In a joint press release, the two companies said Airbus UpNext, a wholly owned subsidiary of Airbus, and Toshiba Energy Systems & Solutions Corporation, Toshiba Group’s energy arm, will cooperate and mutualize experience on superconducting technologies for future hydrogen-powered aircraft.

In the quest to decarbonize the aviation industry, hydrogen-powered aircraft are one of the promising solutions to achieve net zero emissions by 2050, at least for short- to medium-haul routes. It’s unlikely they will be used on the NYC to Sydney route that covers nearly 10,000 miles from wheels up to touchdown. Superconducting technologies offer a unique advantage for these aircraft, using -253°C liquid hydrogen as a fuel, but also to efficiently cool the electric propulsion systems. Cryogenic technology could allow for a nearly unimpaired power transmission within the electric systems of the aircraft, significantly improving their energy efficiency and performance.

“Partnering with Toshiba presents a unique opportunity to push beyond the limitations of today’s partial superconducting and conventional electrical motors. Through this collaboration, we aim to deliver a breakthrough technology that could unlock new design possibilities, in particular for Airbus’ future hydrogen-powered aircraft. This partnership represents a natural and essential step in advancing superconducting motor technology to meet the needs of the aerospace industry,” said Grzegorz Ombach, senior vice president and head of disruptive R&T for Airbus.

“Toshiba’s expertise in superconducting technology for high current flow, motor drive technology for precise current control, and advanced rotating machinery technology for stable, high speed operation forms a strong foundation for this partnership. We both recognize the tremendous potential of superconducting technologies in shaping the future of aircraft and driving the decarbonization of the aviation industry. We are confident that our collaboration with Airbus will play a key role in advancing next-generation technologies for the aerospace sector,” said Tsutomu Takeuchi, who is responsible for Toshiba’s power systems and director of the Toshiba Energy Systems & Solutions Corporation.

Over the past 10 years, Airbus has made efforts to de-risk superconducting technologies. Recently, Airbus UpNext launched Cryoprop, a demonstrator to test a two-megawatt class superconducting electric propulsion system. Toshiba has been conducting research and development of superconducting technology applications for nearly half a century and has released its own two-megawatt class superconductivity motor prototype for mobility applications in June 2022.

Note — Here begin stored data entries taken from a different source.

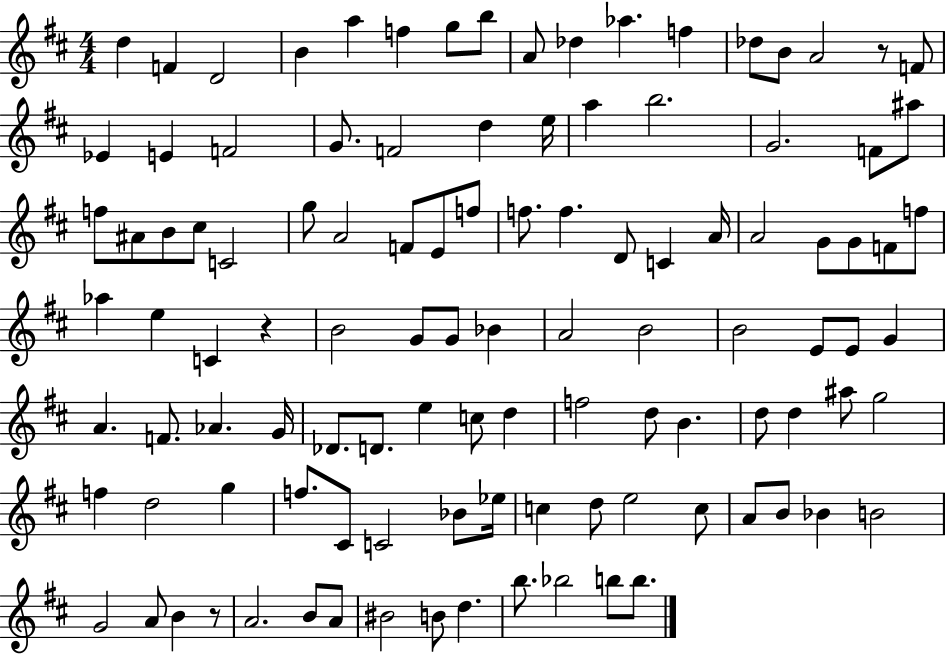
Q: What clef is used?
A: treble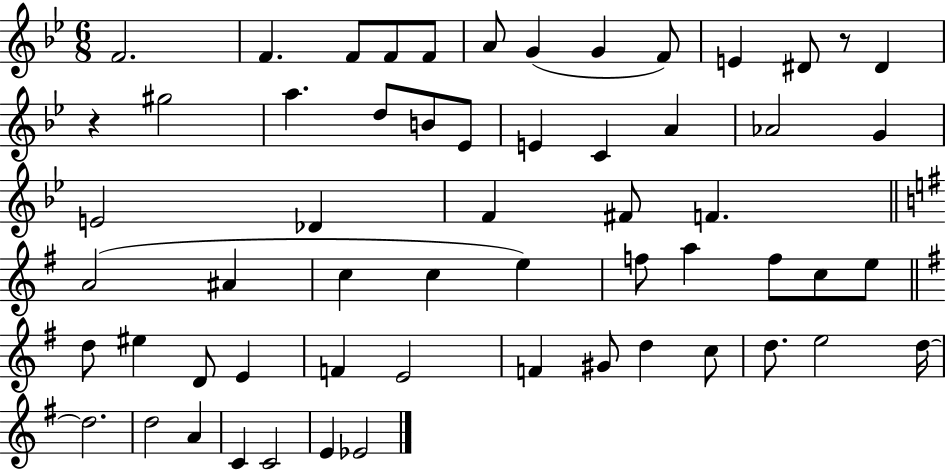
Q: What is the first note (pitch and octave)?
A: F4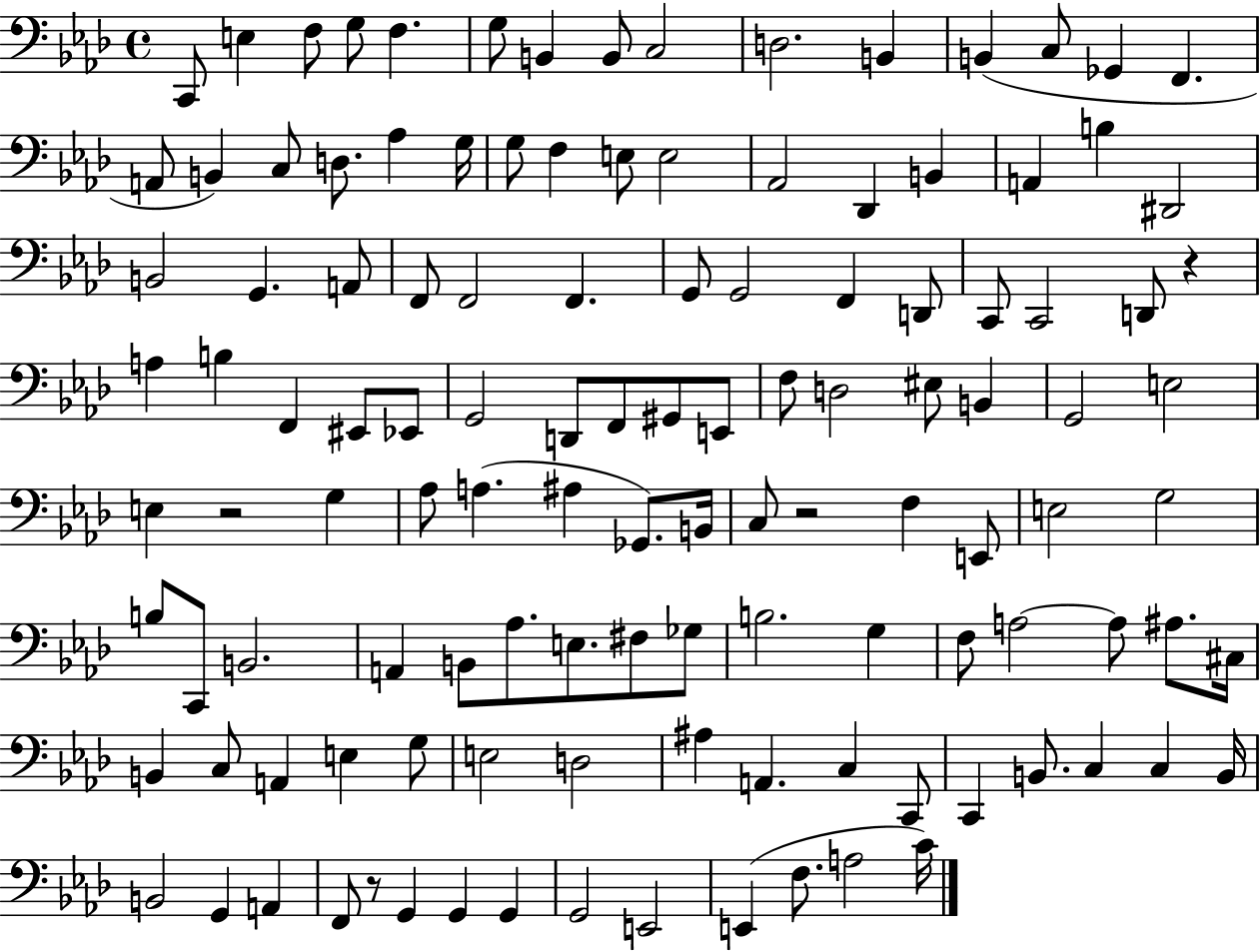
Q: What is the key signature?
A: AES major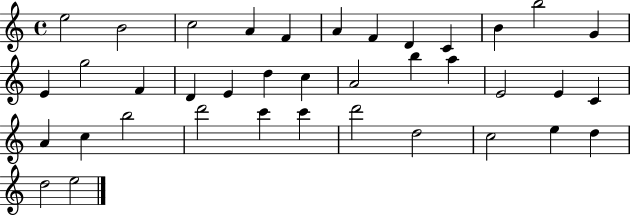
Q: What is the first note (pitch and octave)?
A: E5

The Airbus Tech Hub Japan was announced in May 2024. This initiative is designed to develop partnerships in the country to advance research, technology and innovation in aerospace and push boundaries to prepare for the next generation of aircraft. The partnership between Toshiba and Airbus is the first such arrangement in Japan.

The Takeaway

This partnership between Airbus and Toshiba is a bold move. Both are to be congratulated for thinking outside the box about decarbonizing air transportation. No one knows right now whether this collaboration will bear fruit — ie, be commercially successful. Thomas Edison was once derided for wasting time on trying to find a filament for his electric light bulb and failing hundreds of times. He shrugged off his detractors by saying after each failed experiment that he now knew one more material that didn’t work, which meant he was that much closer to finding one that did. You have to admire that sort of positive attitude.

On the other hand, the idea of airports building the infrastructure to keep liquid hydrogen supercooled seems a bit overly optimistic, even by Edison’s standards. Piping and pumps that can handle such low temperatures are a rarity and tend to not last very long. Putting all that aside, if Airbus and Toshiba can build a two-megawatt engine, that could move the needle on non-polluting flight. Never say never.